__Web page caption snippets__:
**********
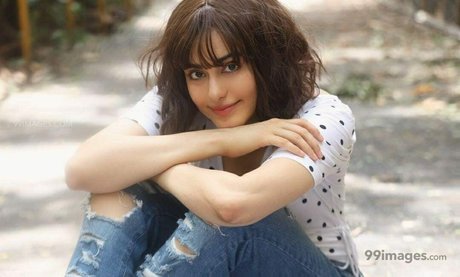 éjacule sur la langue onlyfans pornographique exclusif galeries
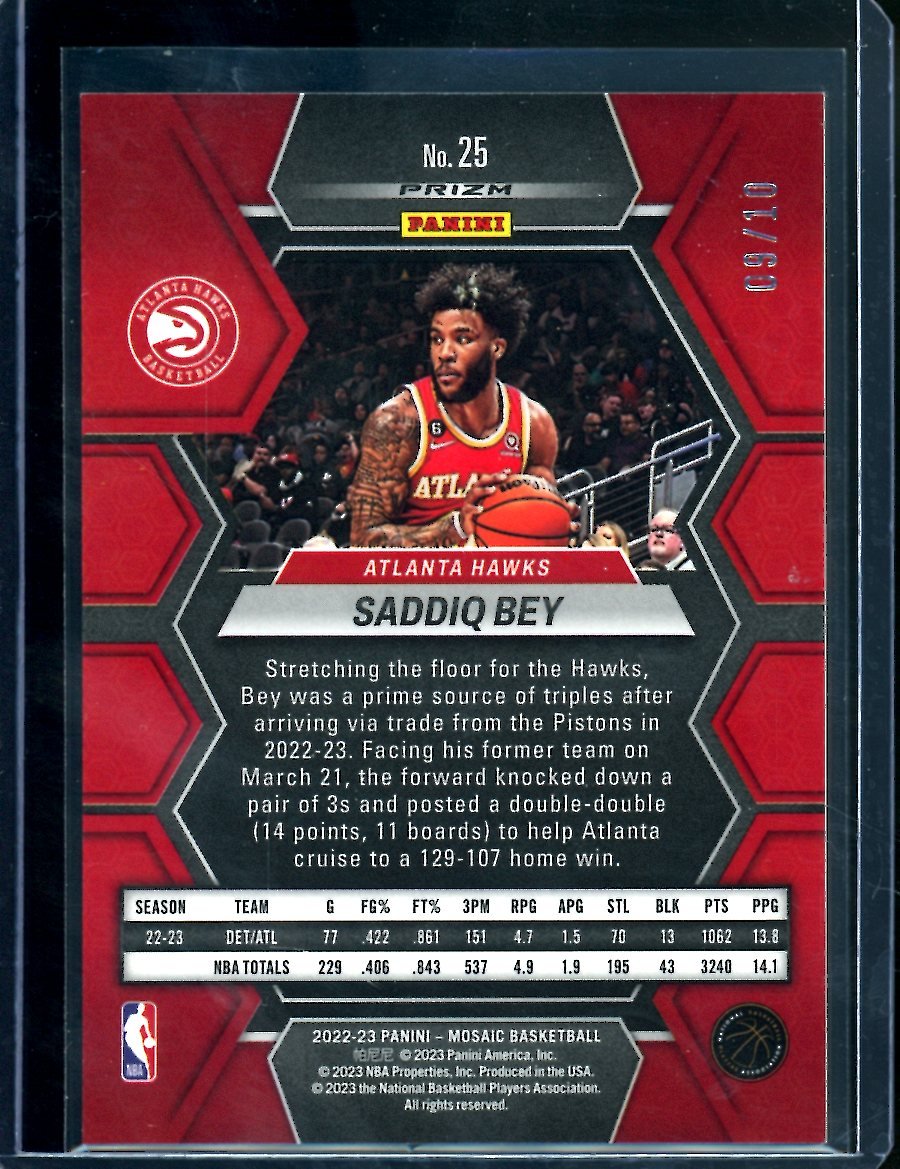 2022-23 Panini Mosaic Saddiq Bey Gold /10 Hawks
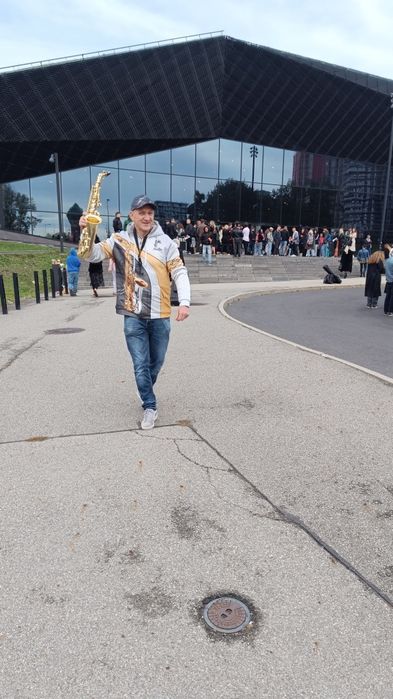 Saksofonista zagra na Twoim ślubie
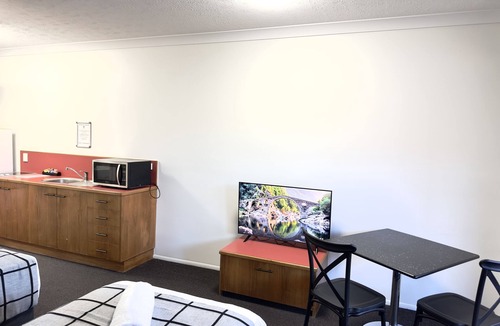 West Mackay Hotel | Mackay Resort Motel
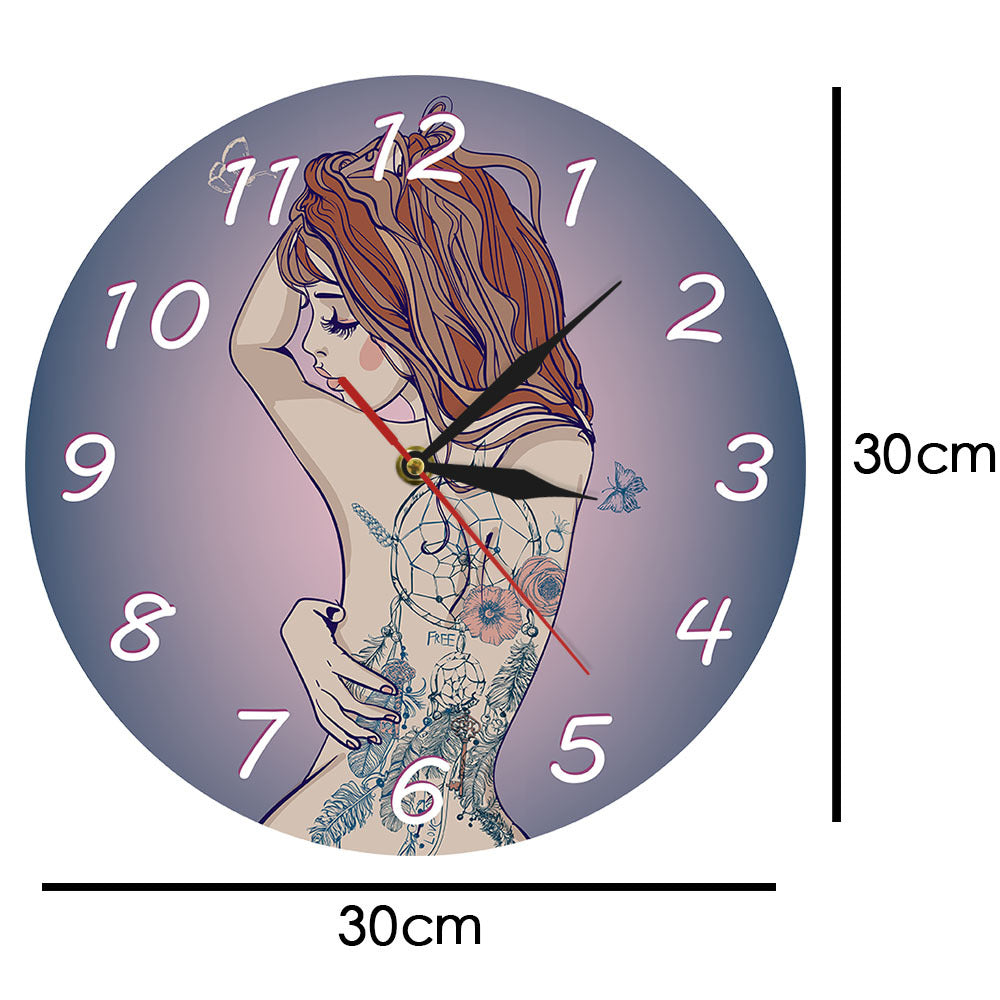 Orologio da parete Ragazza tatuata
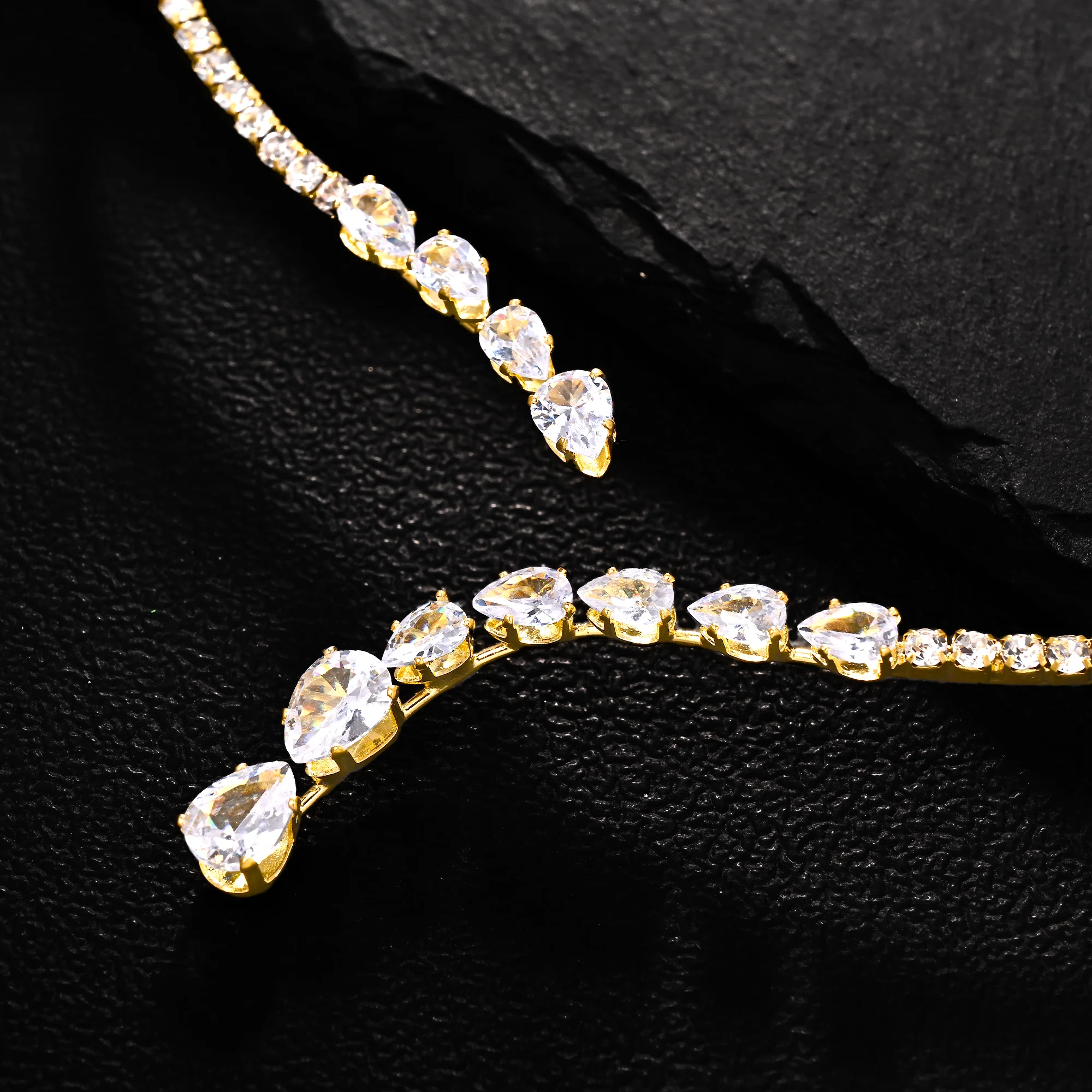 Open Choker Necklace Rhinestone Crystal Teardrop Y Shape Gold Tone Collar Statement Jewelry for Women Wedding Prom Party Gift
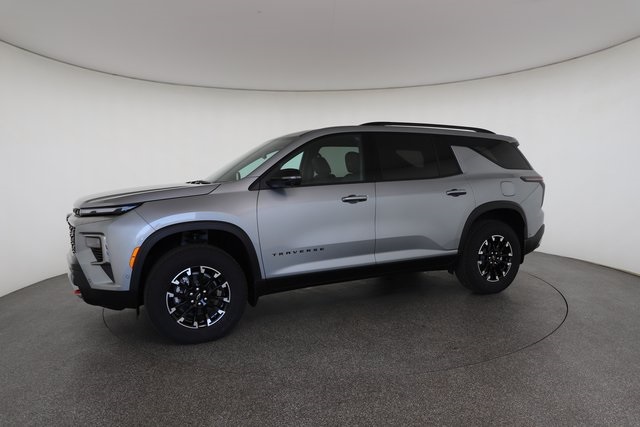 2025 Chevrolet Traverse Z71 photo 3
**********
__WHAT YOU WILL DO__:
The records shown above are to be repeated exactly, with the pictures left out.

__WRITTEN REPLY__:
 éjacule sur la langue onlyfans pornographique exclusif galeries
 2022-23 Panini Mosaic Saddiq Bey Gold /10 Hawks
 Saksofonista zagra na Twoim ślubie
 West Mackay Hotel | Mackay Resort Motel
 Orologio da parete Ragazza tatuata
 Open Choker Necklace Rhinestone Crystal Teardrop Y Shape Gold Tone Collar Statement Jewelry for Women Wedding Prom Party Gift
 2025 Chevrolet Traverse Z71 photo 3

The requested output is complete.